It would be true, indeed, that if $\gamma$ and $\gamma^2+1$ satisfy the same minimal polynomial, then $K(\gamma)\cong K(\gamma^2+1)$ are isomorphic, hence have the same degree over $K$. Since $K(\gamma^2+1)\subseteq K(\gamma)$, the equality of degree would suffice to show equality of fields.
But that is not always the case. For example, if $K=\mathbb{Q}$ and $\gamma=\sqrt[15]{2}$, then notice that $\sqrt[15]{4}+1$ does not satisfy the same minimal polynomial as $\gamma$ (neither does $\sqrt[15]{4}$).

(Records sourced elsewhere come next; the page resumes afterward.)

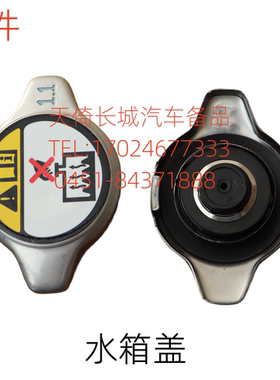 原厂适配长城欧拉IQ精灵炫丽凌傲酷熊哈弗M1M2M4C20RC30C50水箱盖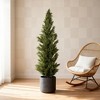 Racxily Artificial Cypress Tree with Black Pot, UV Resistant Fake Topiary Plant for Indoor Outdoor, Garden or Entryway Decoration, 1pc/set - 3 of 4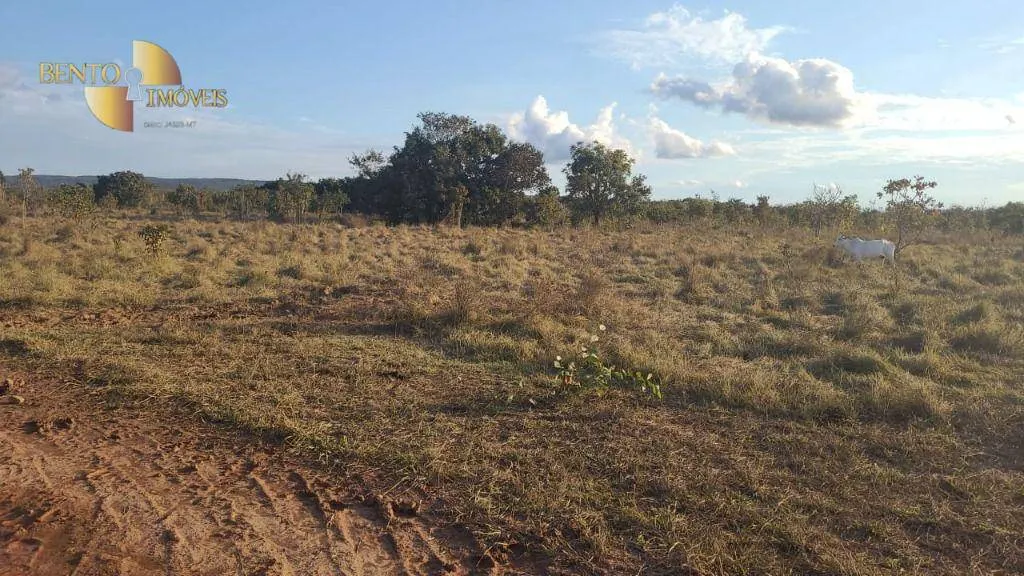Fazenda à venda e para Arrendar de 2.894 ha em Acorizal, MT, Brasil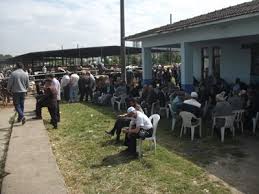 Hayvan Pazari Doldu Duzce Parantez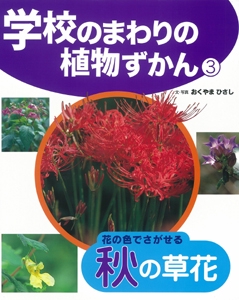 学校のまわりの植物ずかん 3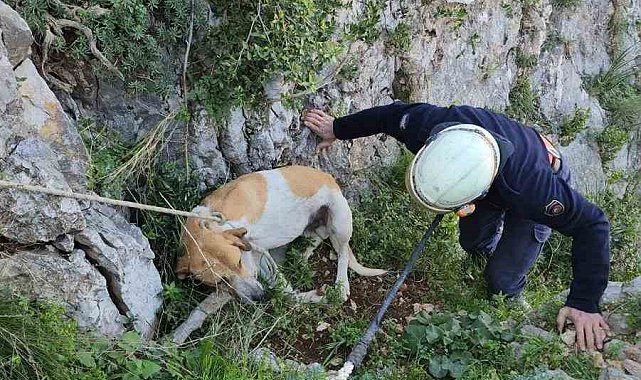 Antakya'da uçurumda mahsur kalan köpek kurtarıldı
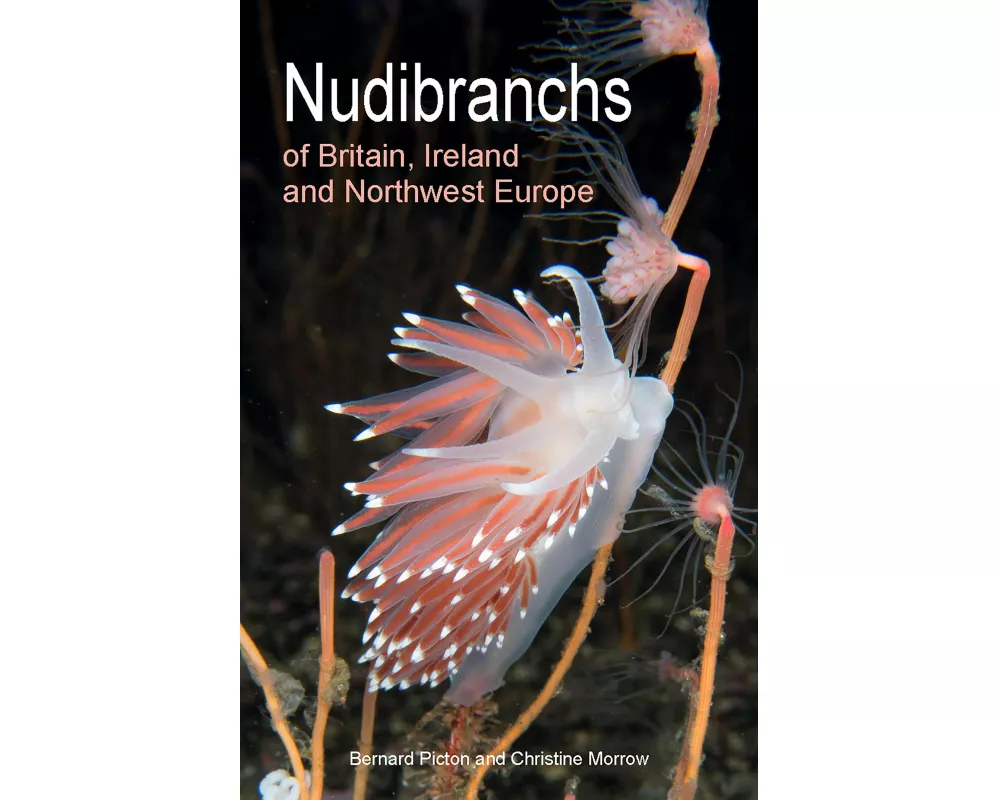Nudibranchs of Britain, Ireland and Northwest Europe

Instead, note that $K(\gamma)$ is an extension of $K(\gamma^2+1)$, since $\gamma^2+1\in K(\gamma)$. Now notice that $\gamma$ satisfies the polynomial $x^2 -(\gamma^2+1) +1 \in K(\gamma^2+1)[x]$, so the degree of $K(\gamma)$ over $K(\gamma^2+1)$ is at most $2$. Can it be equal to $2$?
More generally:
Proposition. Let $K$ be a field, and let $u$ be algebraic over $K$. If $[K(u):K]$ is odd, then $K(u)=K(u^2)$.
(I know two proofs: a slick one using Dedekind's Product Theorem, and a direct computational one.)
You can deduce what you want after noting that $K(\gamma^2+1) = K(\gamma^2)$.